(Extracted entries Opens)

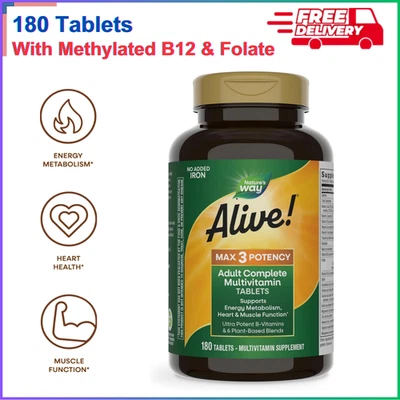 Nature's Way Alive! Multivitamínico Completo Max3 Potencia Adulto Alta Potencia 180 Ct Foto 1 de 4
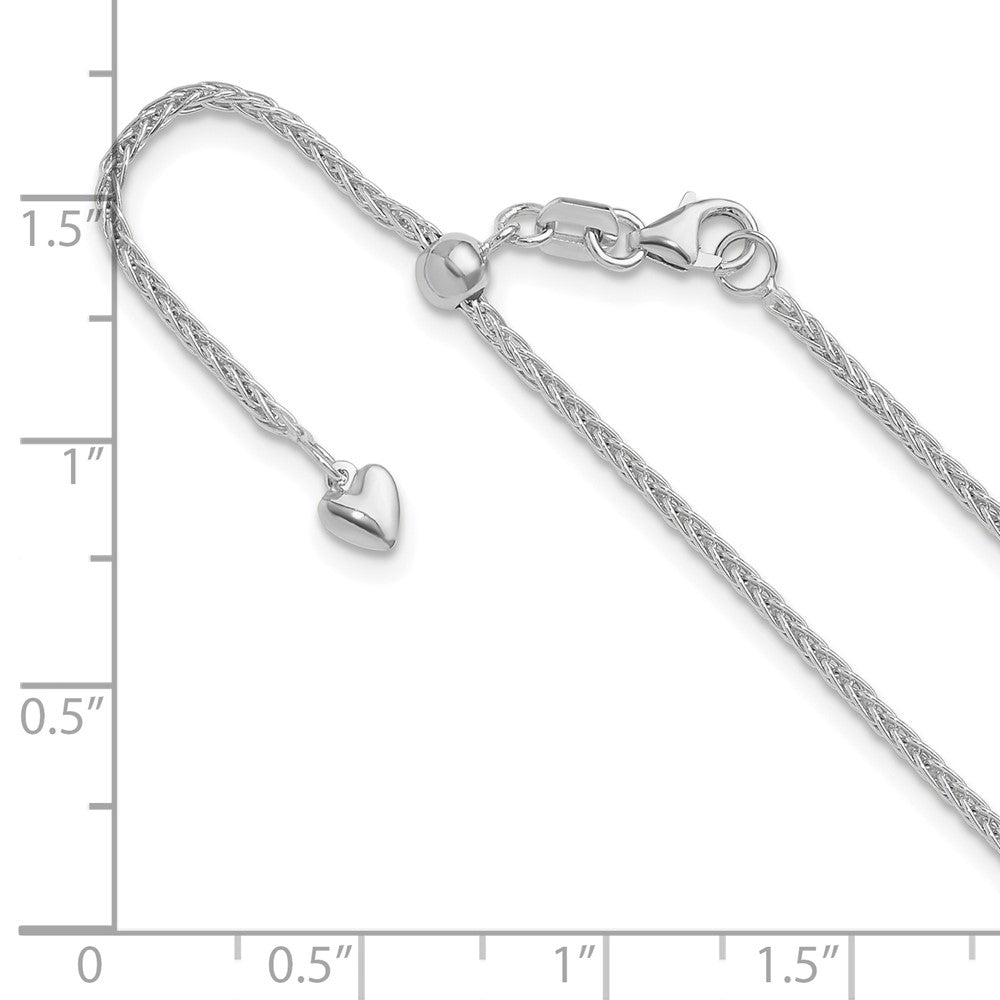 22 Inch 14K White Gold Adjustable 1.5mm Wheat Chain Necklace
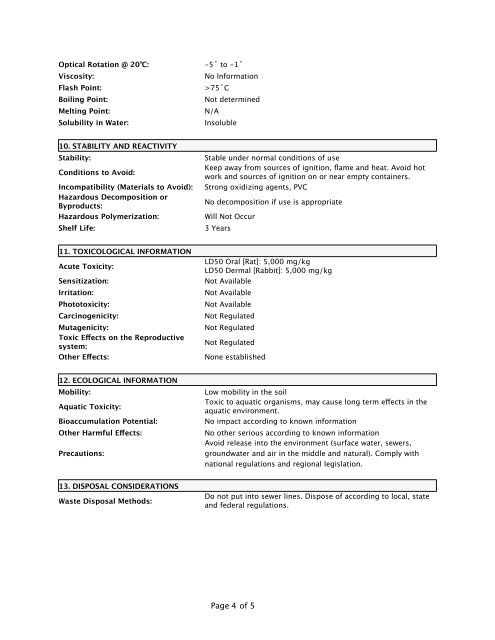 (MSDS) Essential Oil Petitgrain Bigarade - Natural Sourcing, LLC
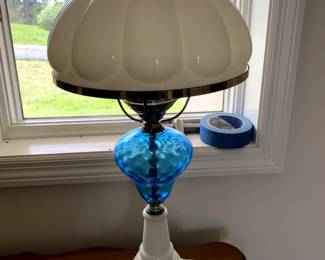#94	Milk-Glass Base & Top Lamp w/Blue Glass Center - 24" Tall	 $75.00 			
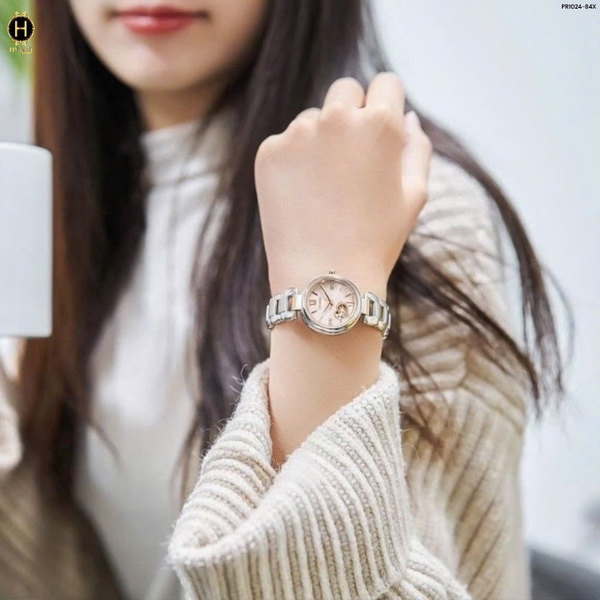 Đồng Hồ Nữ CITIZEN Automatic PR1024-84X Dây Thép Mặt Hồng Open Heart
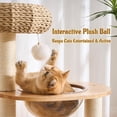 thumbnail image 5 of 38" Modern Cat Tree Tower for Indoor Cats, Solid Wood Cat Furniture with Handwoven Rattan Basket Bed & Cave, Capsule Nest, Sisal Scratching Posts and Self-Groomer, Space-Saving Cat Condo, 5 of 9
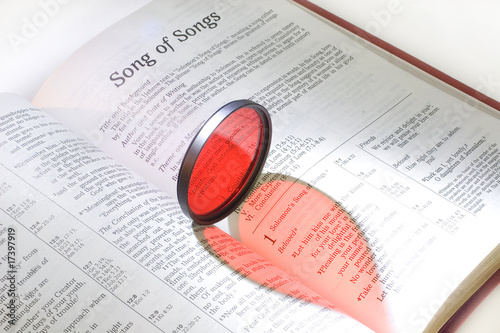 Billede på lærred Red heart on pages of the Song of Songs in the Bible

(Extracted entries Closes)

Exercise:
Pictures are to be omitted; otherwise, write out the data exactly as it appears.

Solution below:
 Nature's Way Alive! Multivitamínico Completo Max3 Potencia Adulto Alta Potencia 180 Ct Foto 1 de 4
 22 Inch 14K White Gold Adjustable 1.5mm Wheat Chain Necklace
 (MSDS) Essential Oil Petitgrain Bigarade - Natural Sourcing, LLC
#94	Milk-Glass Base & Top Lamp w/Blue Glass Center - 24" Tall	 $75.00 			
 Đồng Hồ Nữ CITIZEN Automatic PR1024-84X Dây Thép Mặt Hồng Open Heart
 thumbnail image 5 of 38" Modern Cat Tree Tower for Indoor Cats, Solid Wood Cat Furniture with Handwoven Rattan Basket Bed & Cave, Capsule Nest, Sisal Scratching Posts and Self-Groomer, Space-Saving Cat Condo, 5 of 9
 Billede på lærred Red heart on pages of the Song of Songs in the Bible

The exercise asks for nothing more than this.